Detonation: Violent Games

July 4, 2010

Bakuhatsu! Boso yugi (1976)

Plugging William Shakespeare into the credits of a Teruo Ishii directed motorcycle gang film is not an easy task to achieve. Violent Games, the second film in the Detonation series, manages this through a donkey bridge. A small cinema cultural achievement by itself, Violent Games takes its inspiration from the 1961 musical classic West Side Story, which was a modernization of Shakespeare’s Romeo & Juliet. In Violent Games Ishii has borrowed the story structure – and dancing gangsters – of West Side Story to be used as the spice of his own violent gang saga. The director’s official explanation was that he thought it would make the film more entertaining.

Ishii was right. Violent Games is superior to its predecessor Violent Riders, and it’s all thanks to the shameless West Side Story plagiarism. Finger snapping gang members – even throwing a dance move or two at times – are an inspiring sight to the extent to make one wish Ishii had made a full on transformation to music genre. This is not the case, though. Storywise Violent Games is unsurprising – what can you do everyone knows the tale from before – but the mixture is obscure enough to keep audience steadily entertained till the climax. Furthermore, this time at least the storyline holds – this was not the case with the messily put together Violent Riders.

More regrettable is that Ishii’s was also right about the beneficiality of the West Side Story roots; Violent Games needs them. For those already familiar with the opening installment this sequel has little new to offer on other areas. In terms of capturing the thrills of speed and tuned motor vehicles Violent Games even falls slightly behind its predecessor. The exploitation elements, while firmly included, do also not rant especially high on Ishii’s own, admittedly twisted scale. The film’s finale is, however, a notable improvement over the messy gang fight of the previous film. This time the chaos follows firm trails, and even comes with some pleasingly violent ran-over-by-a-motorcycle deaths.
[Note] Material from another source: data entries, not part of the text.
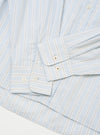 The Sky Urban Stripe Lazy Day Shirt is shown in a close-up detail shot as a flat lay against a plain white background. The image focuses on the upper portion of the shirt, highlighting the collar, the top buttons of the placket, and the fine blue and white vertical stripe pattern of the fabric.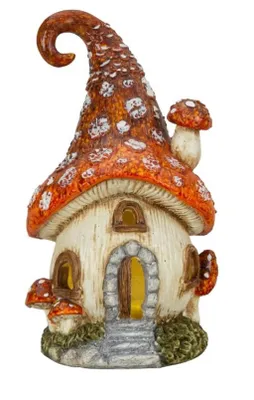 Haus hat organische, abgerundete Form, die an Pilz erinnert. Hut ist spitz zulaufend mit Spitze.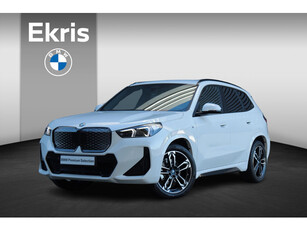 BMW iX1 eDrive20 | M Sportpakket | Premium Pack | Getint Glas | Verwarmbare Voorstoelen | Camera | 19'' LMV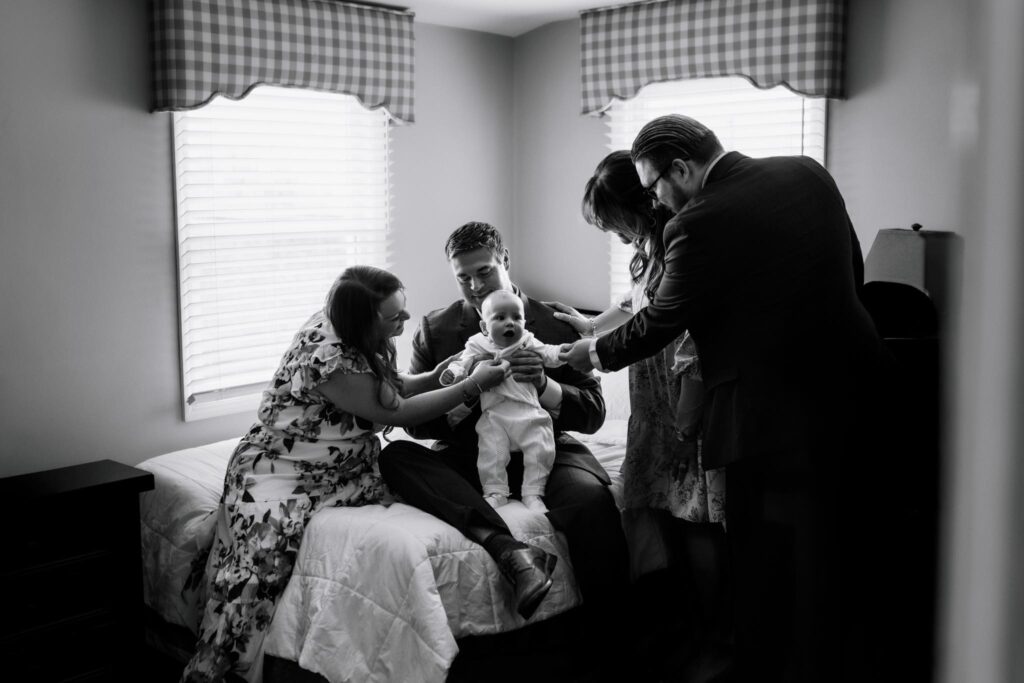 black and white portrait with family surrounding a baby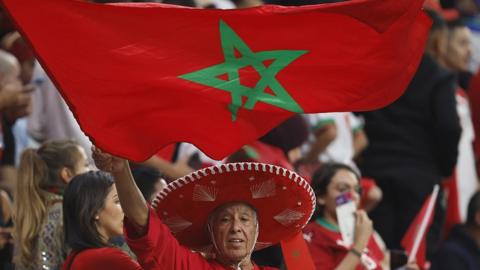 Moroccan fan in hat waves a flag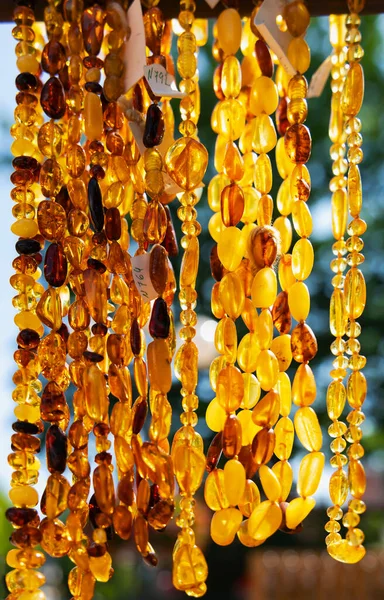 stock image Necklaces amber of different colors and sizes on Jomas street in Majori, Jurmala. Souvenir or gift of stones of amber for tourists. Sun stone. Natural mineral material for jewelry. Amber texture.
Finding no replacement for Violent Riders’ guest star Sonny Chiba, the sequel does handle the casting relatively well otherwise. The series star Kouichi Iwaki portrays Black Panthers gang boss, but this character is pushed to a supporting seat in a storyline that concentrates on the character’s little sister Yuki and her romance with race driver Masaki, who of course comes from the influence of a rivalry gang. There is little sympathy found for the forbidden love, aside from Yuki’s female friends at work. All the central female characters in the film are food girls, despite being portrayed by actors such as Yumi Takigawa (the star of Norifumi Suzuki’s nunsploitation classic School of the Holy Beast), Nikkatsu’s soft core queen Meika Seri, and Yutaka Nakajima – the only one with relatively clean record of the three.

Falling in the middle of a gang war, the race driver Masaki is played by real life racing professional Masami Kuwashima. In the film his character is introduced as the champion of Silverstone. In real life Kuwashima career “highpoint” was sitting behind the wheel of a Formula 1 race car. This happened only once, though, in the Japan F1 race that took place after Violent Games had been filmed. Kuwashima’s performance the pre-race practice session was, however, so poor that the team manager Frank Williams fired him before the actual race. In Violent Games Kuwashima is more successful although he didn’t return to silver screen again but spent the rest of his career in Japan’s own Formula series.

Steadily entertaining throughout its 85 minute run, Violent Games enjoys moderate and mostly deserved fame in fan circuits. Originally rising to international popularity through the bootleg tapes of Video Search of Miami, the film has potential for far wider distribution that it has enjoyed so far. With slight reservations towards the film’s exploitation content, Violent Games is a film difficult not to like. Director Ishii may have directed more hard boiled classics, but the dancing bikers of Violent Games have certainly earned their reputation.